* REQUIRED ACTION: Your task is to copy the lines from the line containing "Coding for Beginners: Using" through the end of the listing below, both included, without any pictures.
BEGIN
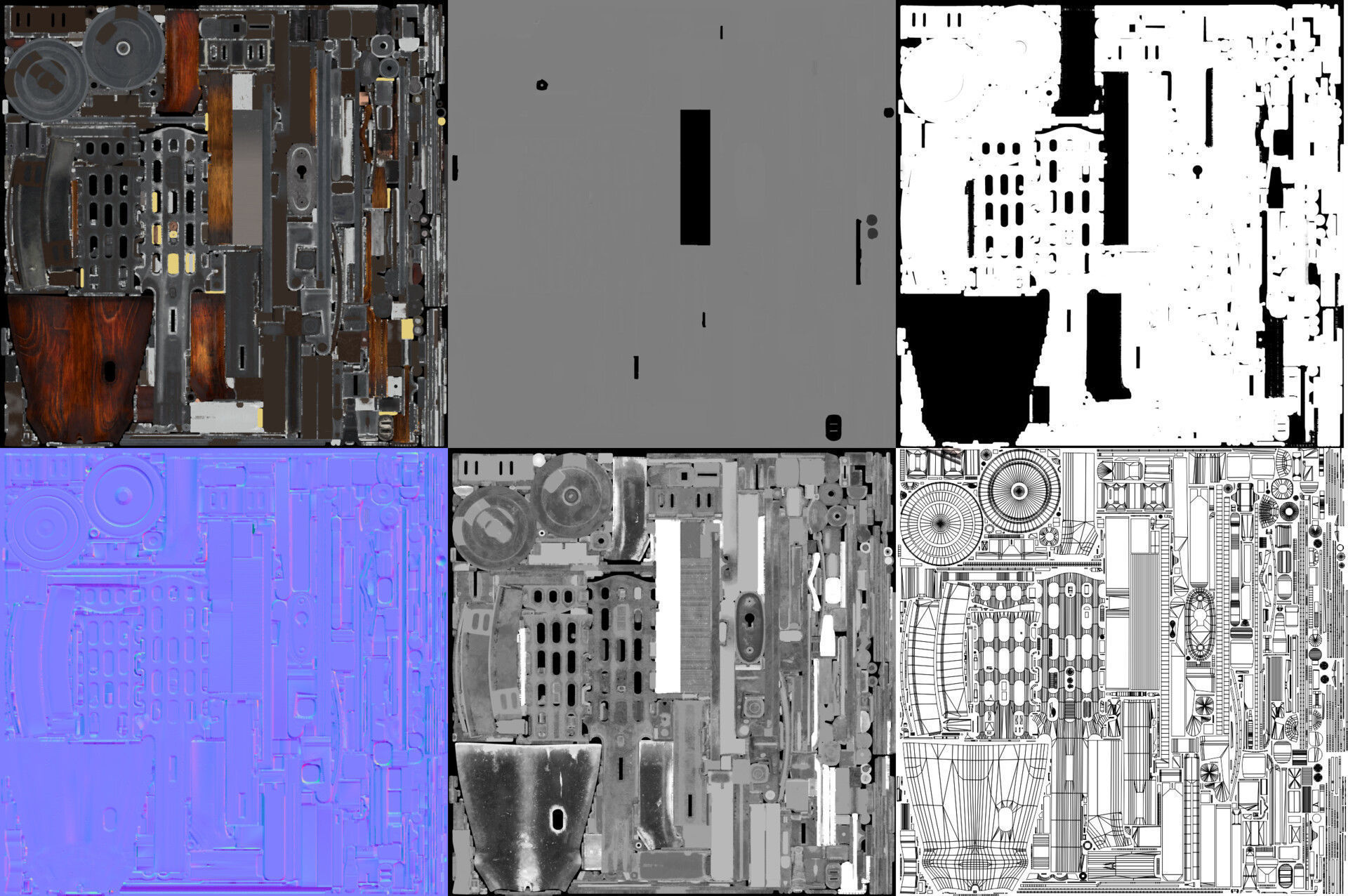PPSh-41 soviet submachine gun PBR lowpoly 3d model Low-poly 3D model_9
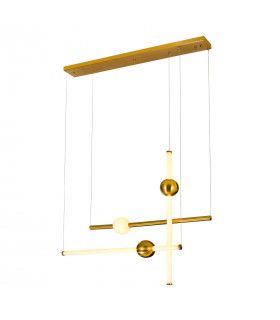 Lámpara colgante moderna Halling Copper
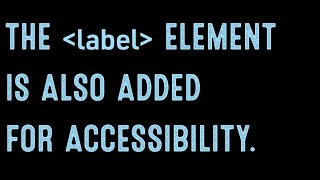 Coding for Beginners: Using the Label Element for Form Accessibility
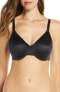 Wacoal 257355 Women's Inside Edit Underwire Bra Black Size 42DD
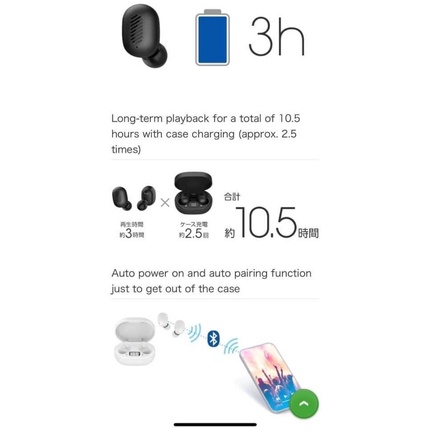 TAI NGHE BLUETOOTH True Wireless CHÍNH HÃNG GREENHOUSE pick Store NHẬT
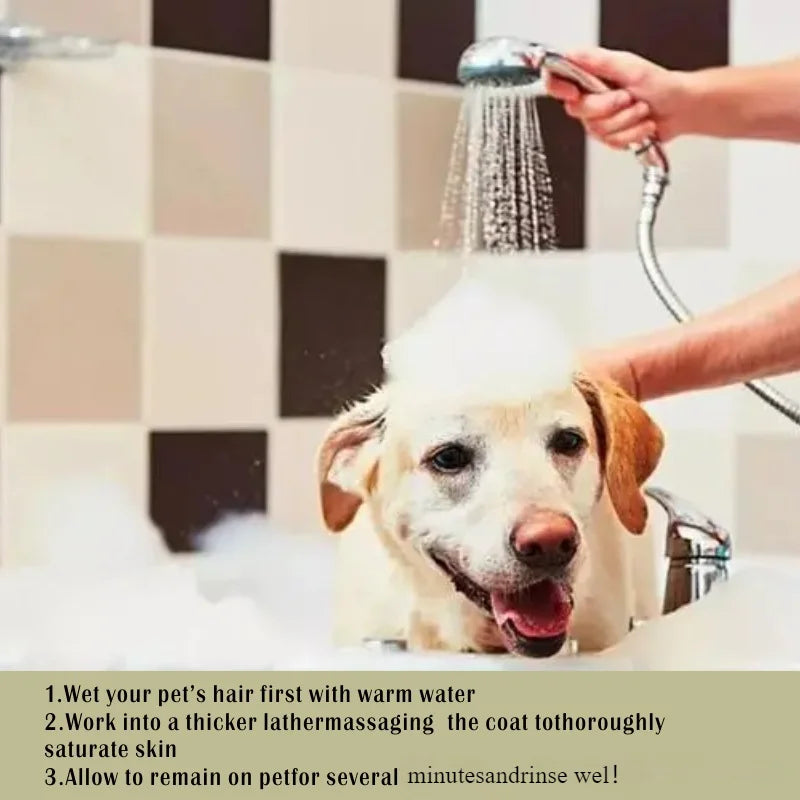 Cat Dog Shampoo Bath Body Wash Conditioner 3-in-1 Oatmeal Flavour Leave Scent Fragrance Deodorizing Bath Pet Cleaning Products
END
* THE COMPLETED TASK:
 Coding for Beginners: Using the Label Element for Form Accessibility
 Wacoal 257355 Women's Inside Edit Underwire Bra Black Size 42DD
 TAI NGHE BLUETOOTH True Wireless CHÍNH HÃNG GREENHOUSE pick Store NHẬT
 Cat Dog Shampoo Bath Body Wash Conditioner 3-in-1 Oatmeal Flavour Leave Scent Fragrance Deodorizing Bath Pet Cleaning Products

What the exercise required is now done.